Every line of the records below from the line with "9 de octubre" up to and including the line with "Back Support Belt" must be reproduced exactly, and no line outside that range.

··· Exercise data

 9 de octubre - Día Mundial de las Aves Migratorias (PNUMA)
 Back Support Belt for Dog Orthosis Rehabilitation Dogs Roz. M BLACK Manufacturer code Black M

······
··· Exercise data

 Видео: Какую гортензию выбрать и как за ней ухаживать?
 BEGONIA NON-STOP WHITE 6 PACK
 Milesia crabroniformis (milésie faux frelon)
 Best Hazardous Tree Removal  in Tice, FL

······
··· Exercise data

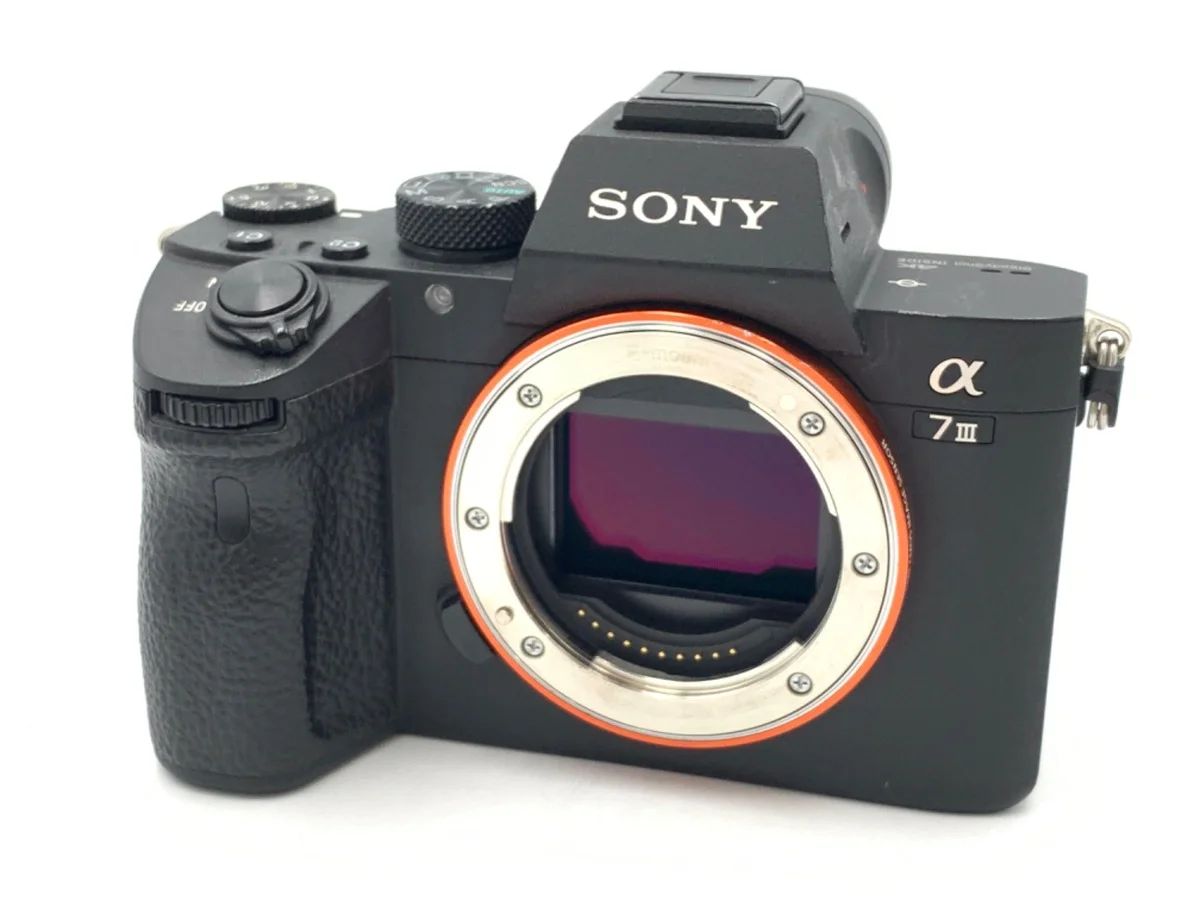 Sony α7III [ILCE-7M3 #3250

······

Exercise result:
 9 de octubre - Día Mundial de las Aves Migratorias (PNUMA)
 Back Support Belt for Dog Orthosis Rehabilitation Dogs Roz. M BLACK Manufacturer code Black M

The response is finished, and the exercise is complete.